Julito era de mediana estatura, gordito, simpático, jaranero, siempre vestido con guayabera blanca, lazo y sombrero Panamá. Tenía un repertorio de chistes muy grande, quizás igualado por pocos. Sus bromas junto a mi tío Claudito hacían reír a todos. ¿Cómo podía vivir con la austera, seria y rígida Antonia? Sólo Dios lo sabe.

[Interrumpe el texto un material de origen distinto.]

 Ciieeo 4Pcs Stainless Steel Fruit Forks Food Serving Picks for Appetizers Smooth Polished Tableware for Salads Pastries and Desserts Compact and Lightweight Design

Julito nunca fue «compañero», su bodega le fue expropiada por los «compañeros» en 1968 a causa de la Ofensiva Revolucionaria, pero él lo tomó con mucha calma en espera de tiempos mejores que nunca llegaron. Al fallecer, aquel pueblo perdió a un hijo muy querido y popular, a uno de sus personajes más carismáticos.

Aquí en París, hace varios años la Cinemateca pasó un ciclo de documentales cubanos y entre ellos vi uno sobre las Parrandas de Remedios y Camajuaní. Para mí fue una gran sorpresa ver a Julito con aquella risa jacarandosa, mirada burlona y espíritu inquieto, contar una anécdota sobre las parrandas.

En mi terruño camajuanense, el pueblo se divide entre sapos y chivos, los cuales compiten con un changüí y una carroza cada año, en otros tiempos por el 19 de marzo, día del santo patrón San José, después en el verano, gracias a la «infinitamente heroica revolución» y ahora de nuevo en marzo.

Desde el lado de acá del Atlántico te deseo todo el bien del mundo: Siempre estás entre mis más bellos recuerdos de mi lejana isla caribeña.

Y recuerda: ¡Quédate en casa!, solo así podrá evitar el infectarte con el coronavirus.

Un gran abrazo,

Félix José Hernández

Nota bene: Esta crónica aparece en mi libro «Memorias de Exilio». Les Éditions du Net, 2019.